====== Data for this task

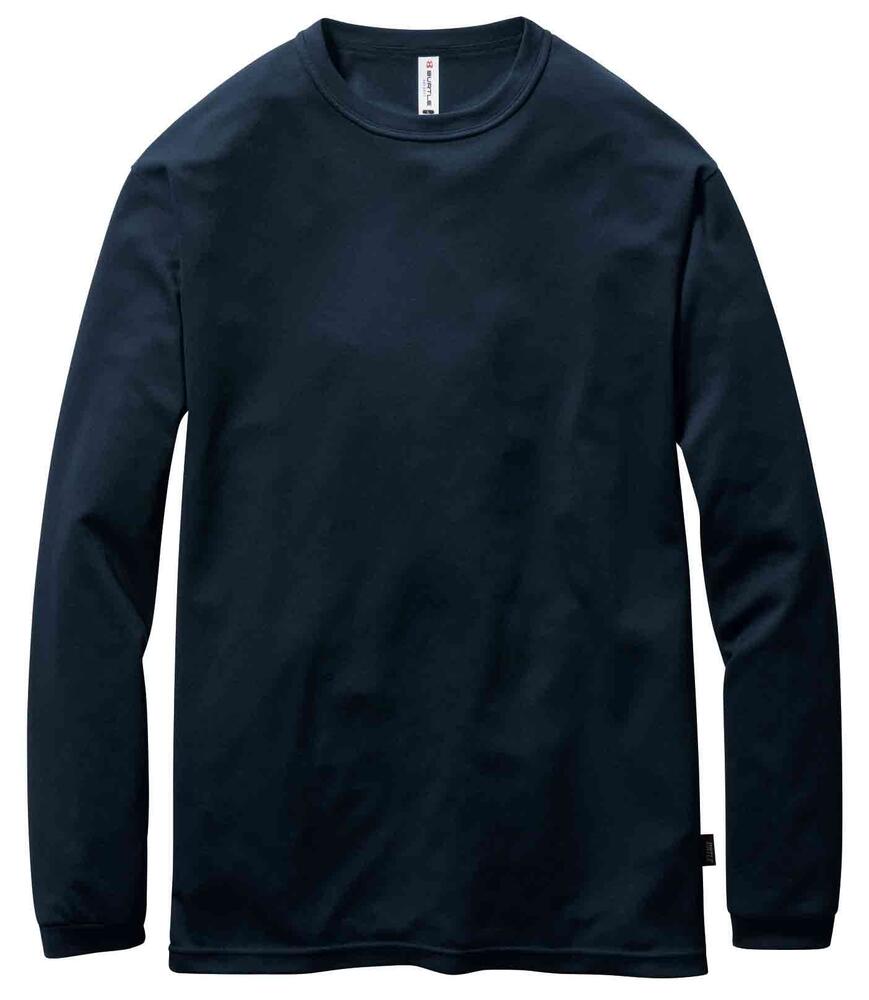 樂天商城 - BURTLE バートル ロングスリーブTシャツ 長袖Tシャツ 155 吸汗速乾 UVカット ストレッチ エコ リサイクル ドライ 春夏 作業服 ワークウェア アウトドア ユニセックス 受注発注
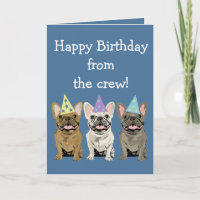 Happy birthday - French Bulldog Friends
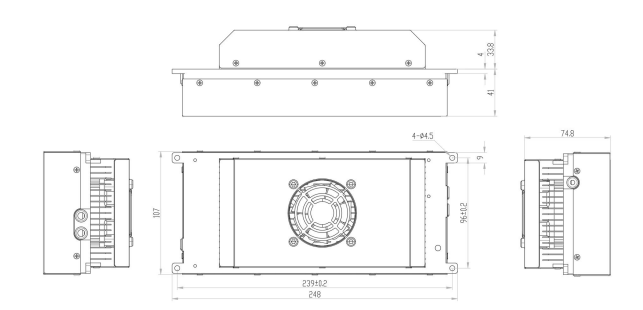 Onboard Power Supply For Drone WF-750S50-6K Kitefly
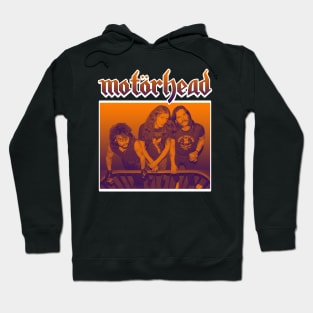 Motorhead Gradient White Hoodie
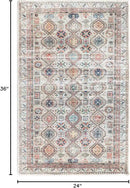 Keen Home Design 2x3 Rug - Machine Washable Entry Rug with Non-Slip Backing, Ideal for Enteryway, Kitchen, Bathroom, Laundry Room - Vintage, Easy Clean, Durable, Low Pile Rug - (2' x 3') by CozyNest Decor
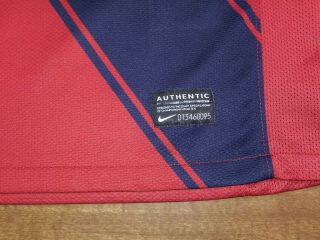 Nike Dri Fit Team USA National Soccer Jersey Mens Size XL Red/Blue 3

============

■ **Work instruction**
Leave out every picture, and write out exactly the lines from the one with "Happy birthday - French Bulldog Friends" through the end of the records above, both ends included.

■ **Task answer**
 Happy birthday - French Bulldog Friends
 Onboard Power Supply For Drone WF-750S50-6K Kitefly
 Motorhead Gradient White Hoodie
 Keen Home Design 2x3 Rug - Machine Washable Entry Rug with Non-Slip Backing, Ideal for Enteryway, Kitchen, Bathroom, Laundry Room - Vintage, Easy Clean, Durable, Low Pile Rug - (2' x 3') by CozyNest Decor
 Nike Dri Fit Team USA National Soccer Jersey Mens Size XL Red/Blue 3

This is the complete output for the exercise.